Start of Block
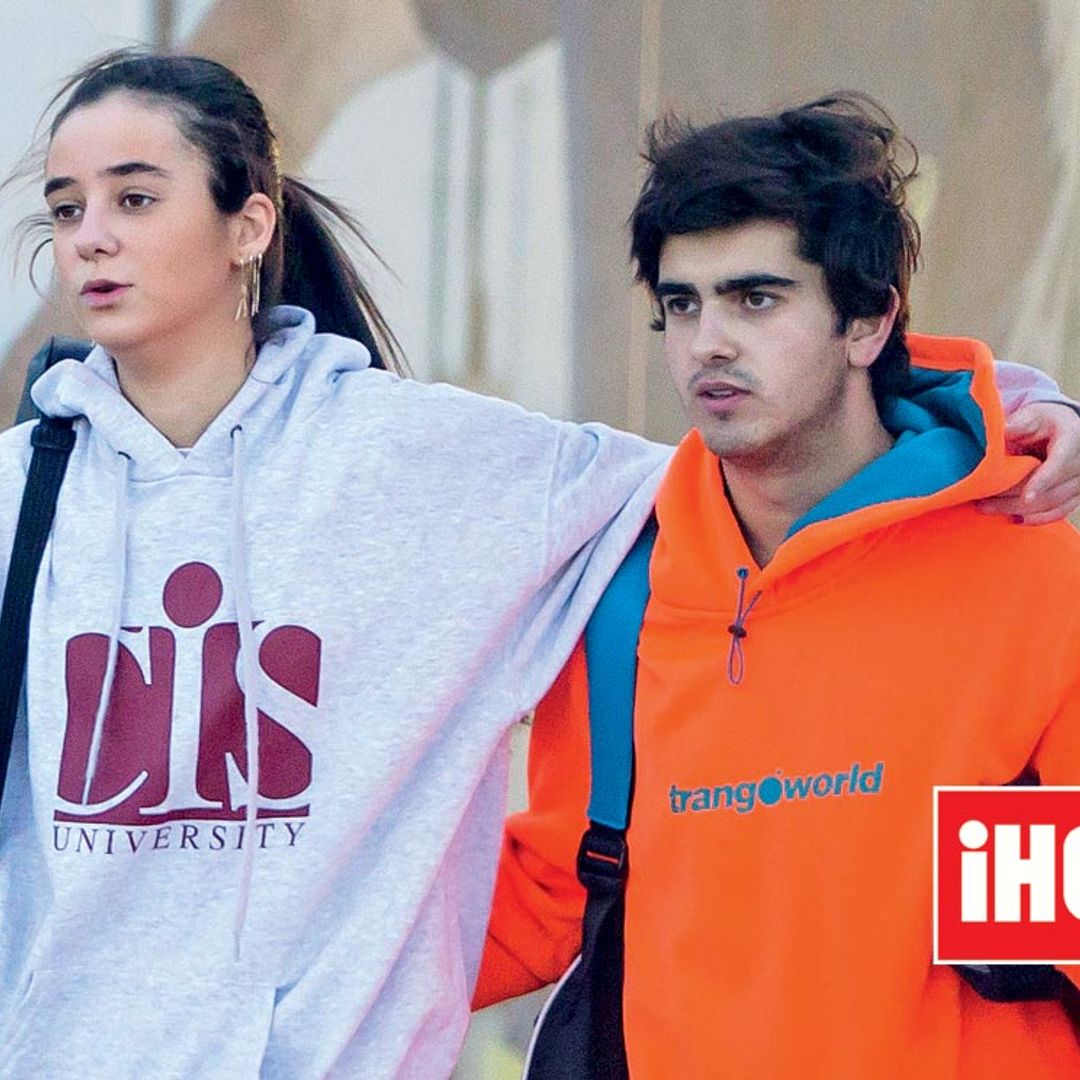 En ¡HOLA!: Victoria Federica y Jorge Bárcenas, besos y deporte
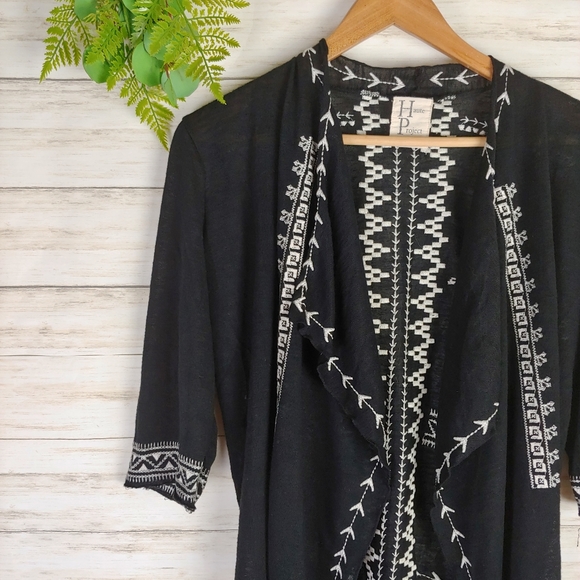 Haute Project Black Embroidered Open Cardigan - Picture 4 of 6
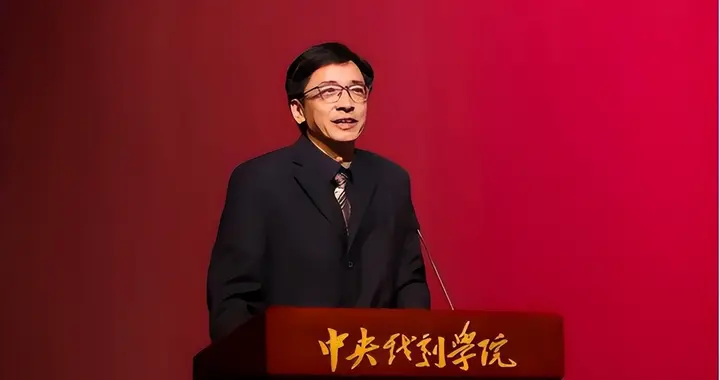 中戏风波牵连国话！易烊千玺三人免试入编，4 年前的猫腻藏不住了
End of Block
▸ **Problem requirements**: Each line from the one containing "Haute Project Black" through the last line above should be retyped exactly, and no other line. Any picture is to be left out.

▸ **Task result**:
 Haute Project Black Embroidered Open Cardigan - Picture 4 of 6
 中戏风波牵连国话！易烊千玺三人免试入编，4 年前的猫腻藏不住了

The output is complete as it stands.